_WORK INSTRUCTIONS_
Leaving out all pictures, return exactly the lines from the one that contains "Hotel Pudu 88" through the end of the data below.

_DATASET EXTRACT_
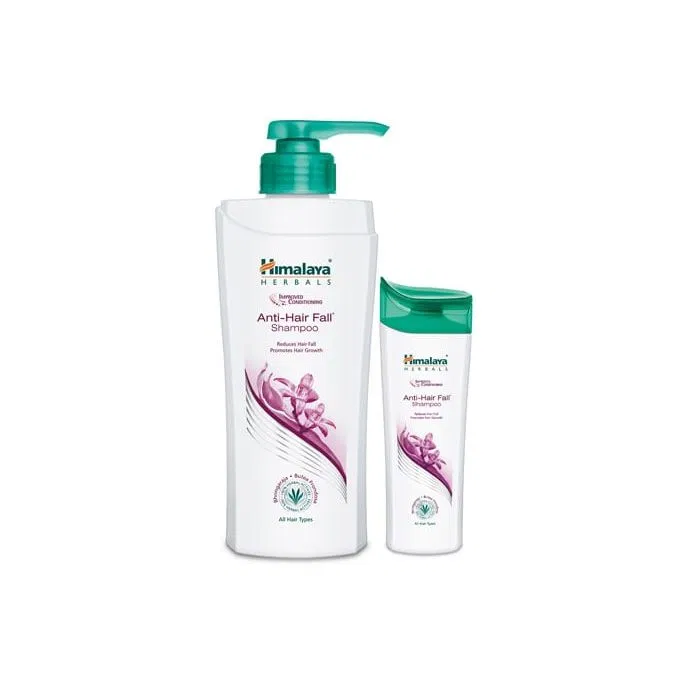 Anti-Hair Fall Shampoo 100 mL pack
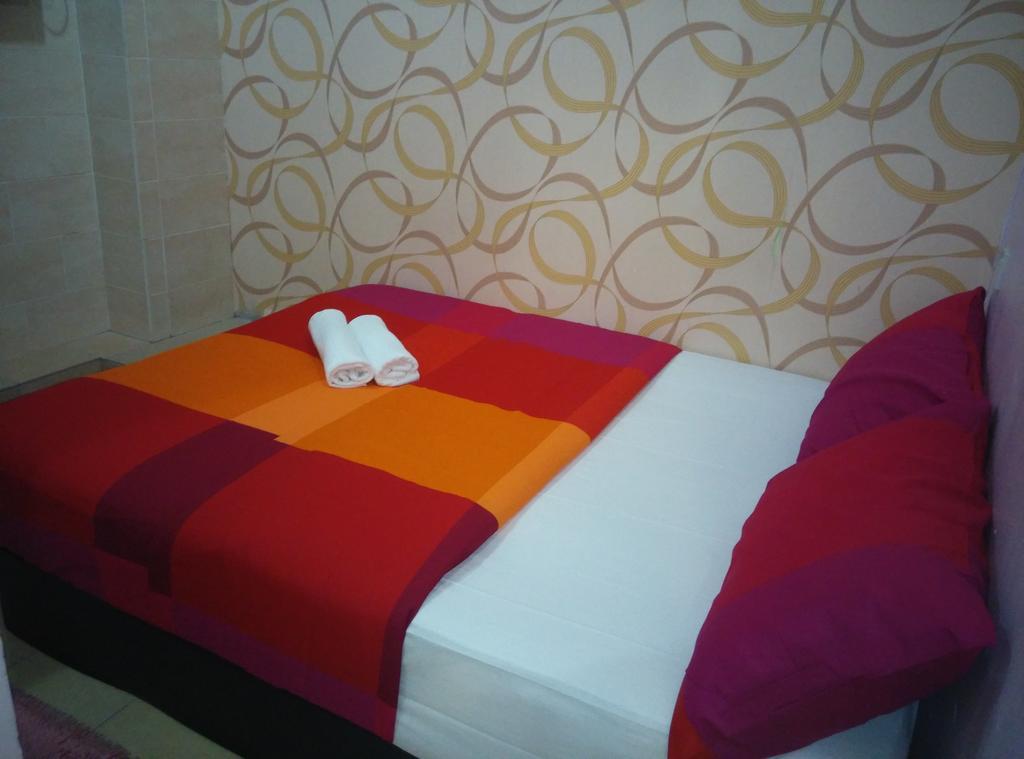 Hotel Pudu 88 @ China Town Kuala Lumpur Dış mekan fotoğraf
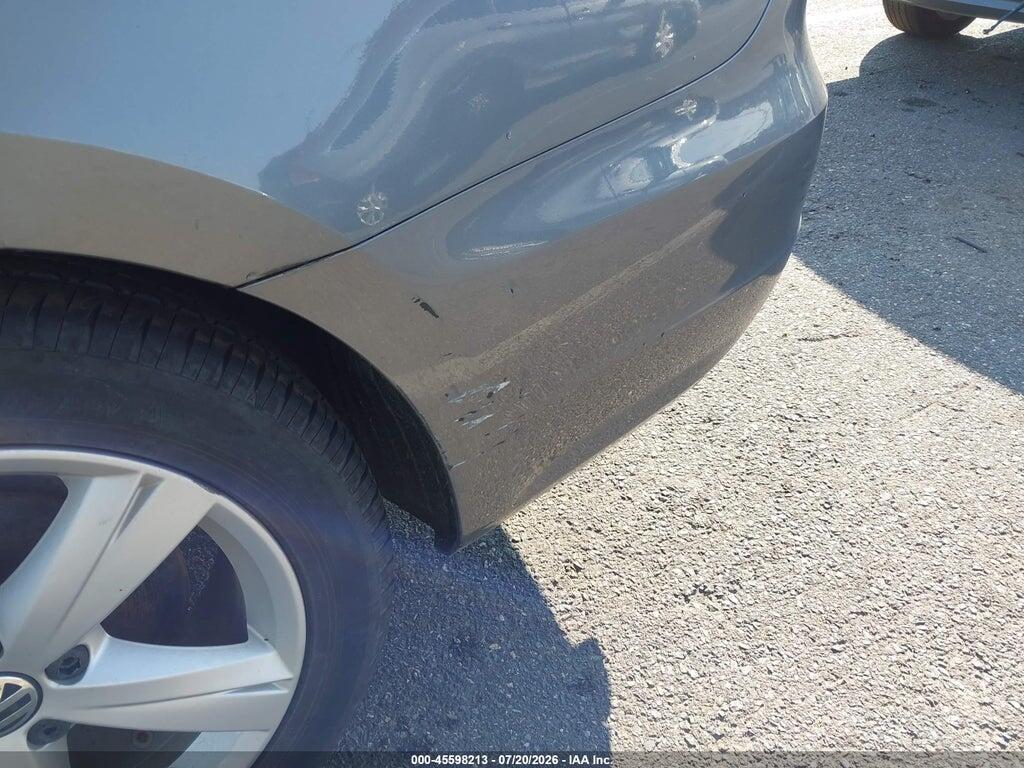 1VWBN7A38DC145204 2013 VOLKSWAGEN PASSAT photo no. 6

_ANSWER AREA_
 Hotel Pudu 88 @ China Town Kuala Lumpur Dış mekan fotoğraf
 1VWBN7A38DC145204 2013 VOLKSWAGEN PASSAT photo no. 6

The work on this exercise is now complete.